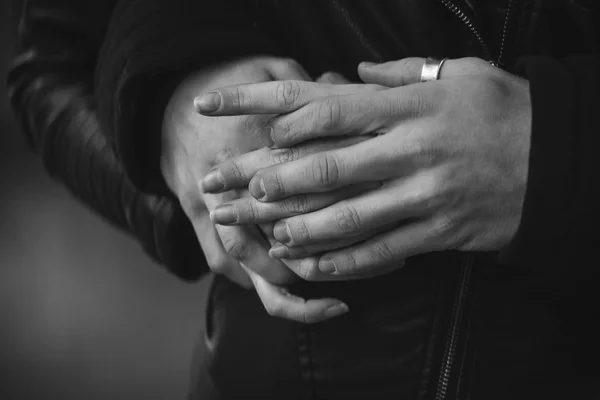 Fechar o par segurando as mãos — Fotografia de Stock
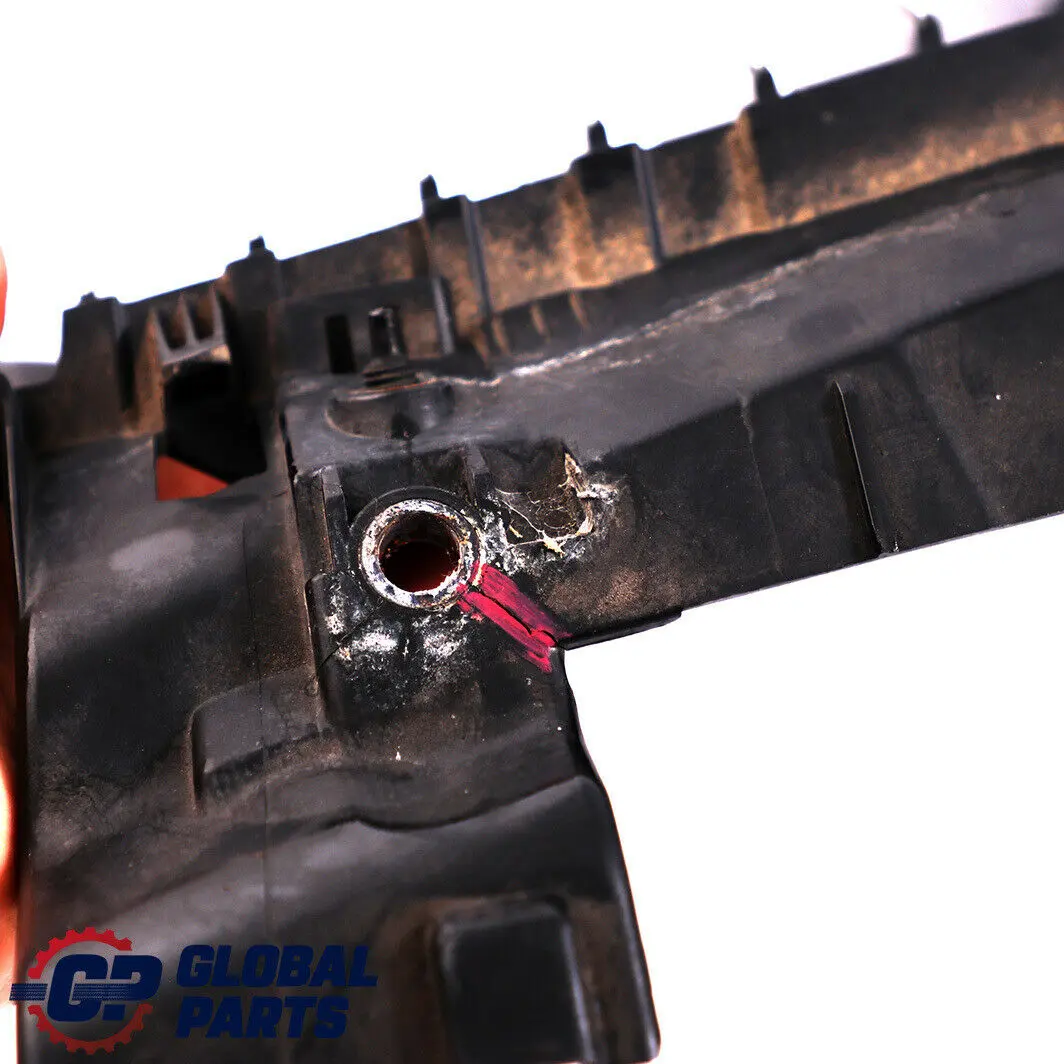 Griglia Radiatore Telaio Cromo per BMW E65 E66 E67 con numero di parte 7145738 BMW E65 E66 E67 Griglia Radiatore Telaio Cromo - SKU 7145738 - Numero di parte 7145738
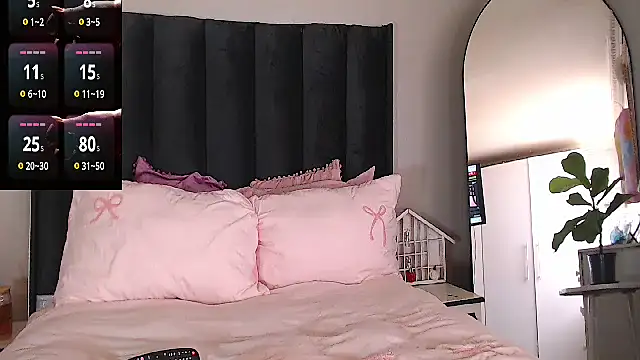 Snapshot of FRUITOFEDEN01 chatting on 03-07-26, 09:50 FRUITOFEDEN01 online show from 03-07-26, 09:50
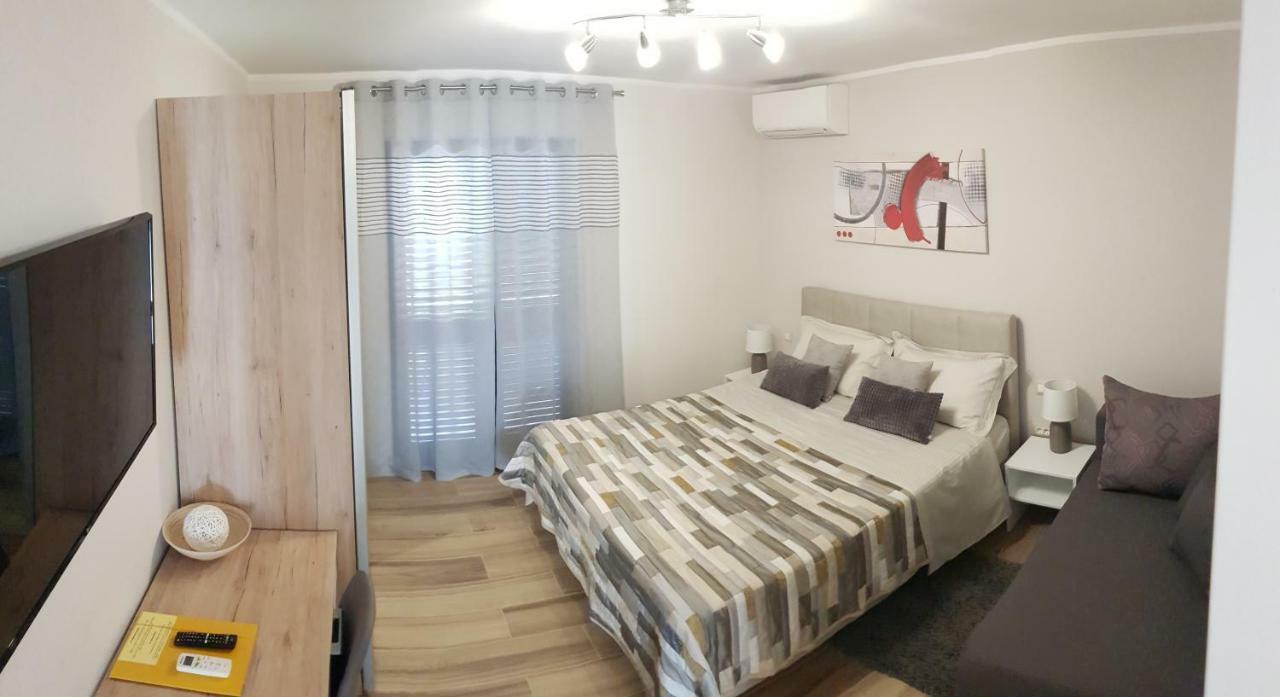 Apartments Alea Ровин Екстериор снимка
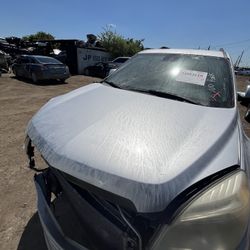 2015 Chevy Equinox Hood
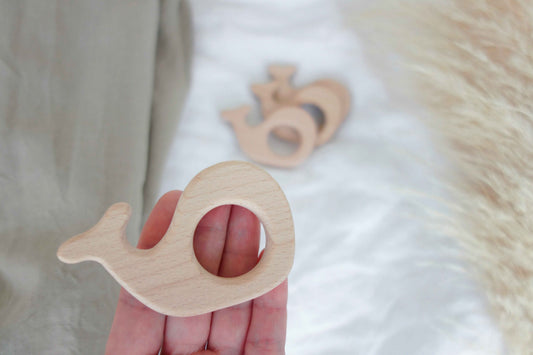 Greifling Walfisch für Babys – Perfekter Begleiter für zarte Händchen - Malea.boutique
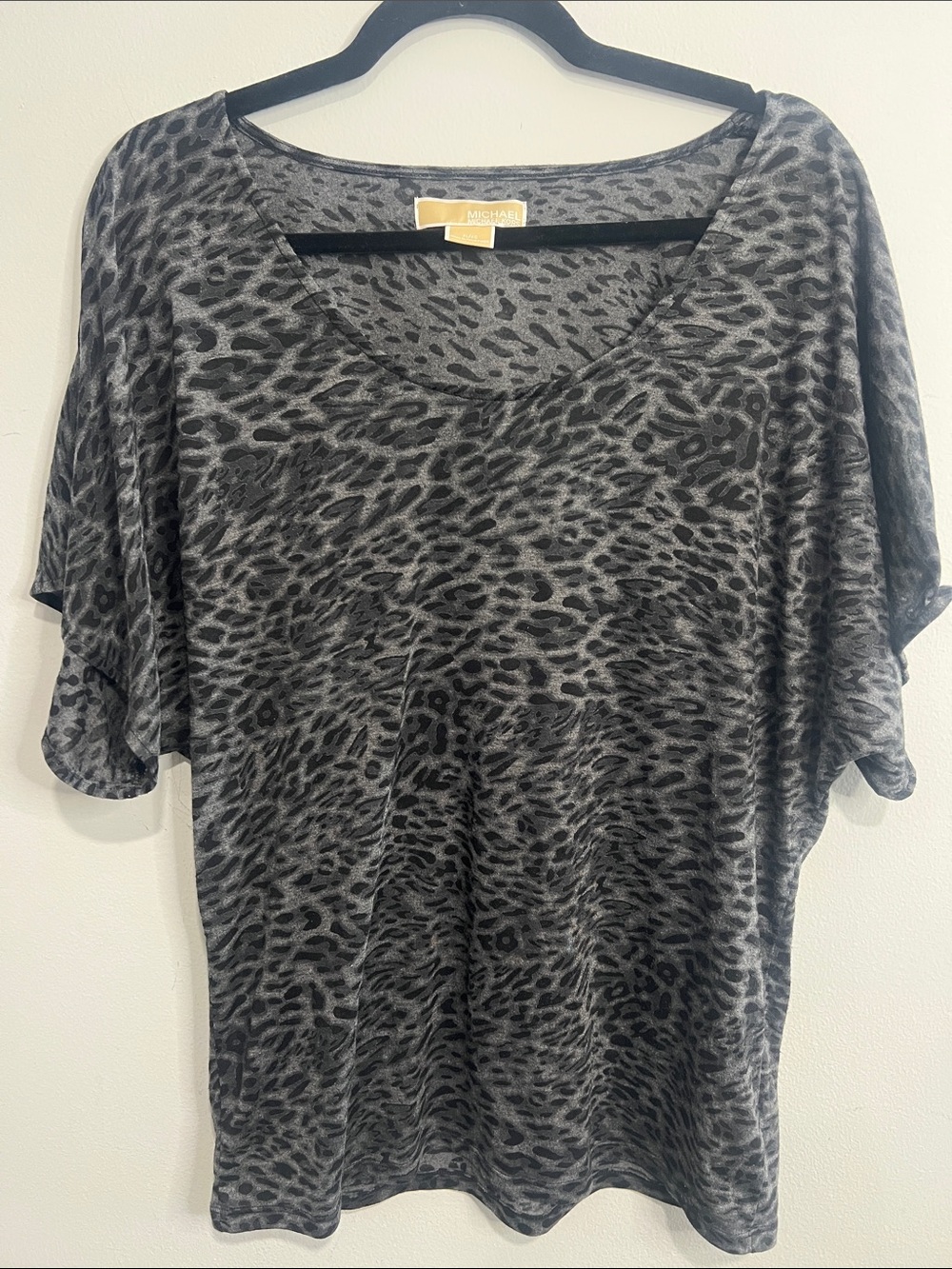 Michael Kors Women’s Charcoal and Black Leopard-Print Short Sleeve Tee - Size XL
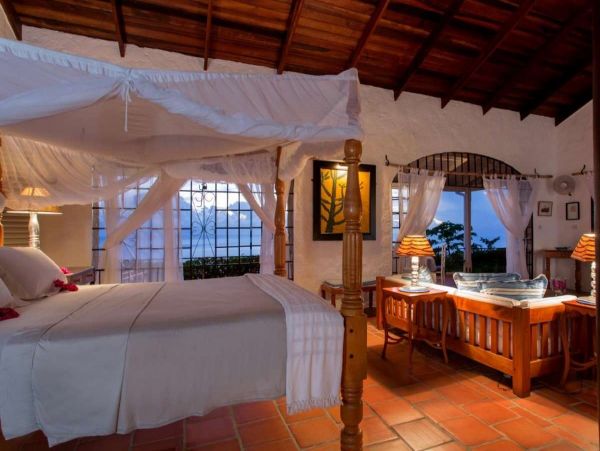 St. Lucia Home 1002882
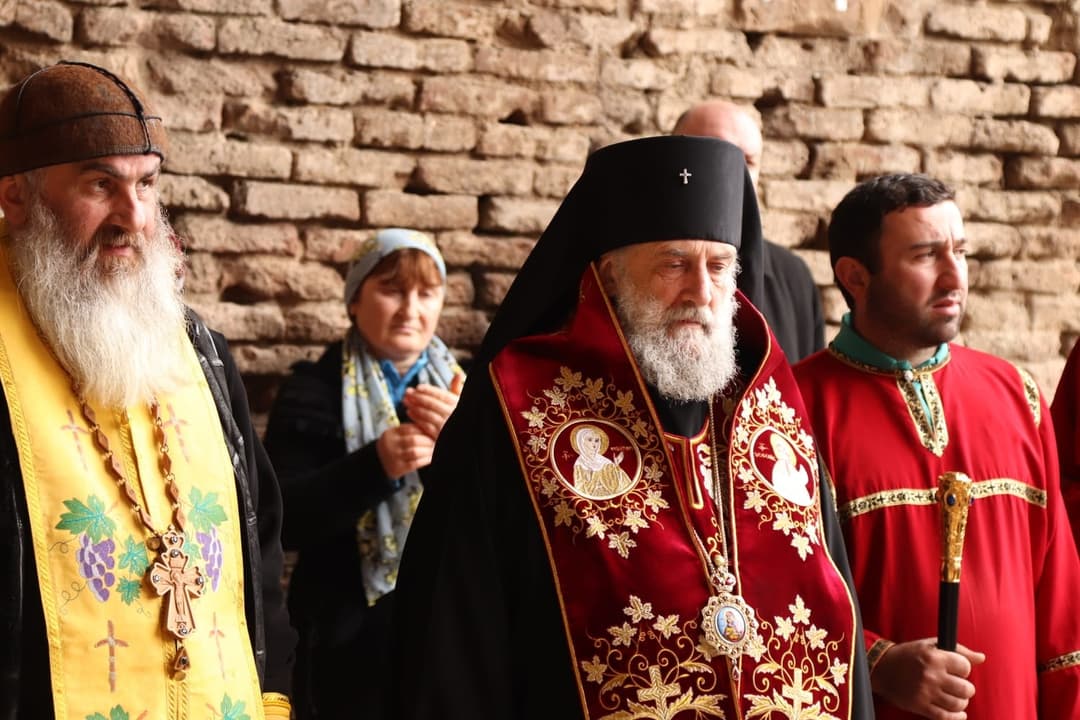 მეუფე იოანე – ულტიმატური ენით რატომ გველაპარაკებიან ზოგიერთი ქვეყნის ელჩები? დიპლომატიური კორპუსის ეთიკურ ნორმებს არ არღვევენ, როცა ჩვენი ქვეყნის შიდა საქმეებში ერევიან?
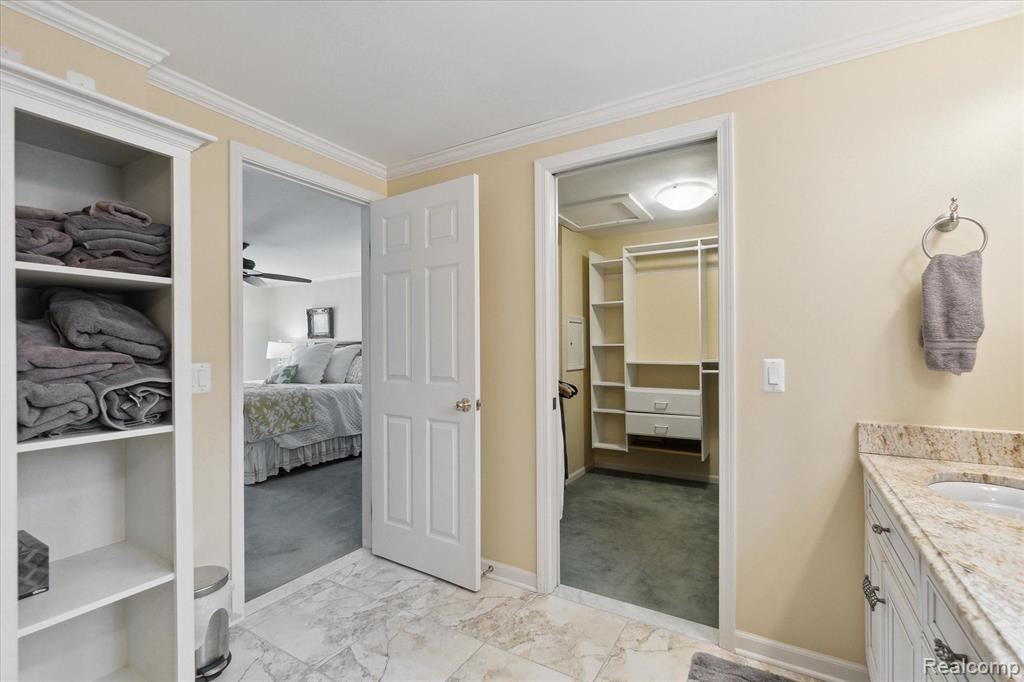 8150 FAWN VALLEY Drive, Clarkston, MI 48348 — Photo 36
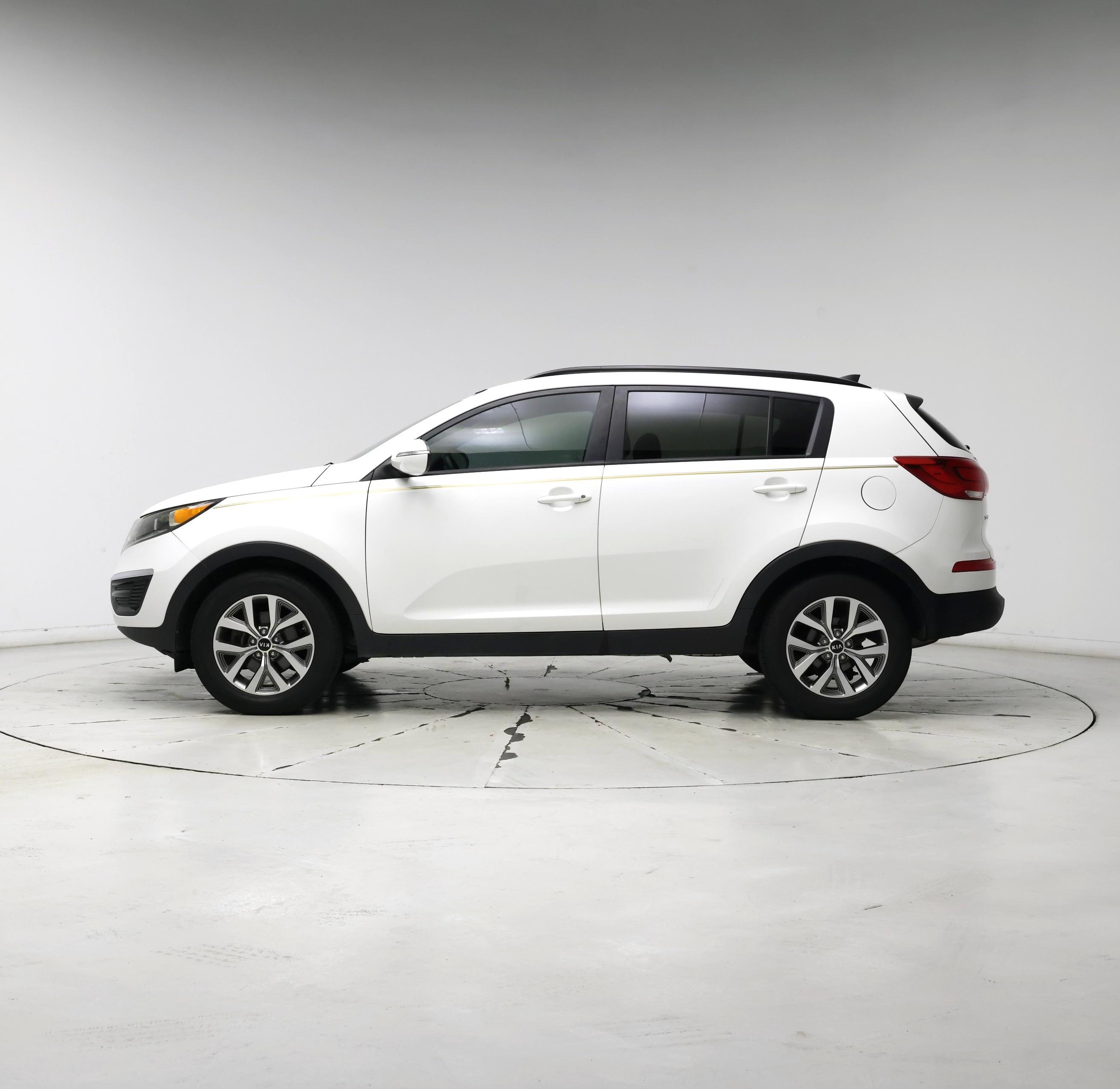Thumbnail: 2014 Kia Sportage - 3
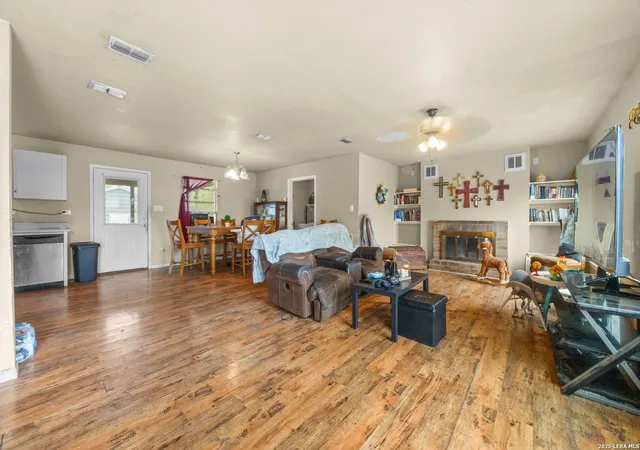 4th image of 2305 Elaine Dr, Hondo, TX 78861 | MLS# 1957968
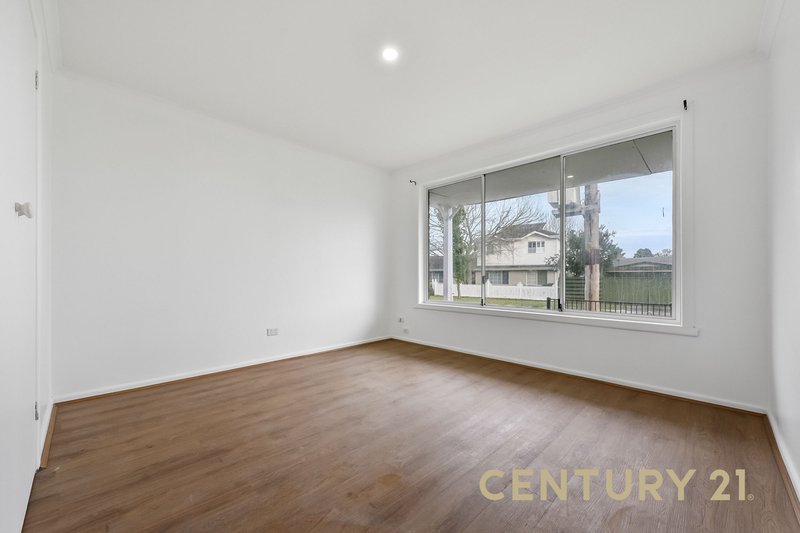 Photo - 24 Kuringgai Crescent, Noble Park VIC 3174 - Image 6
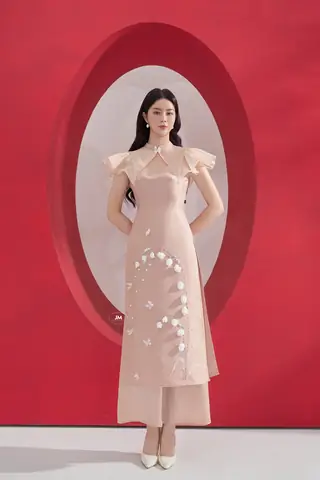 Giày Mang Với Đầm Cổ Trang Truyền Thống: Phối Đồ Chuẩn Phong Cách Thanh Lịch Giày Mang Với Đầm Cổ Trang Truyền Thống: Phối Đồ Chuẩn Phong Cách Thanh Lịch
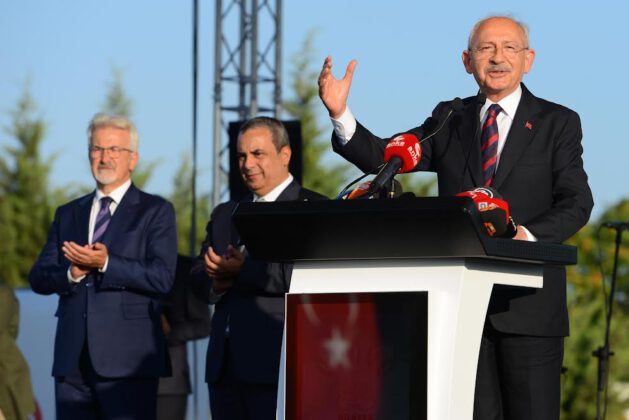 Lozan Barış Antlaşması’nın 99.yılında Rumeli ve Balkan göçmenleri Nilüfer’de buluştu  Kılıçdaroğlu, Lozan’ın önemine vurgu yaptı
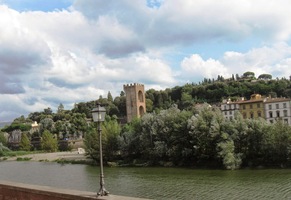 Právě přejíždíme řeku Arno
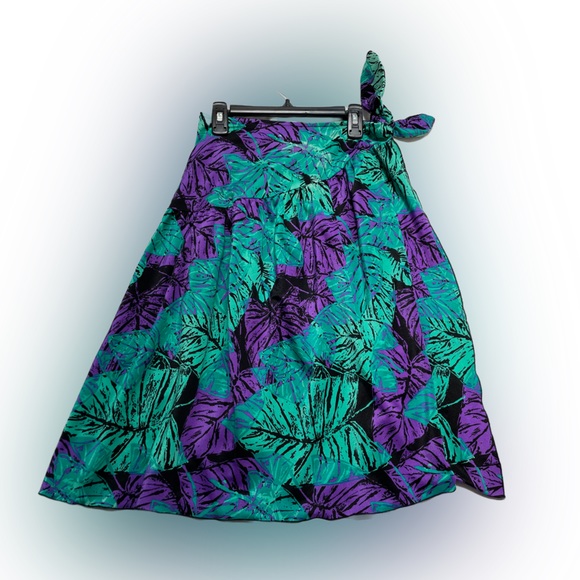 Catalina Women’s Leaf Print Tie Waist Sarong Swim Cover-Up Size:S - Picture 1 of 4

------------------------------------------------

What you need to do: Leave the pictures out and transcribe the remaining material exactly.

Solution to the exercise:
 Fechar o par segurando as mãos — Fotografia de Stock
 Griglia Radiatore Telaio Cromo per BMW E65 E66 E67 con numero di parte 7145738 BMW E65 E66 E67 Griglia Radiatore Telaio Cromo - SKU 7145738 - Numero di parte 7145738
 Snapshot of FRUITOFEDEN01 chatting on 03-07-26, 09:50 FRUITOFEDEN01 online show from 03-07-26, 09:50
 Apartments Alea Ровин Екстериор снимка
 2015 Chevy Equinox Hood
 Greifling Walfisch für Babys – Perfekter Begleiter für zarte Händchen - Malea.boutique
 Michael Kors Women’s Charcoal and Black Leopard-Print Short Sleeve Tee - Size XL
 St. Lucia Home 1002882
 მეუფე იოანე – ულტიმატური ენით რატომ გველაპარაკებიან ზოგიერთი ქვეყნის ელჩები? დიპლომატიური კორპუსის ეთიკურ ნორმებს არ არღვევენ, როცა ჩვენი ქვეყნის შიდა საქმეებში ერევიან?
 8150 FAWN VALLEY Drive, Clarkston, MI 48348 — Photo 36
Thumbnail: 2014 Kia Sportage - 3
 4th image of 2305 Elaine Dr, Hondo, TX 78861 | MLS# 1957968
 Photo - 24 Kuringgai Crescent, Noble Park VIC 3174 - Image 6
 Giày Mang Với Đầm Cổ Trang Truyền Thống: Phối Đồ Chuẩn Phong Cách Thanh Lịch Giày Mang Với Đầm Cổ Trang Truyền Thống: Phối Đồ Chuẩn Phong Cách Thanh Lịch
 Lozan Barış Antlaşması’nın 99.yılında Rumeli ve Balkan göçmenleri Nilüfer’de buluştu  Kılıçdaroğlu, Lozan’ın önemine vurgu yaptı
 Právě přejíždíme řeku Arno
 Catalina Women’s Leaf Print Tie Waist Sarong Swim Cover-Up Size:S - Picture 1 of 4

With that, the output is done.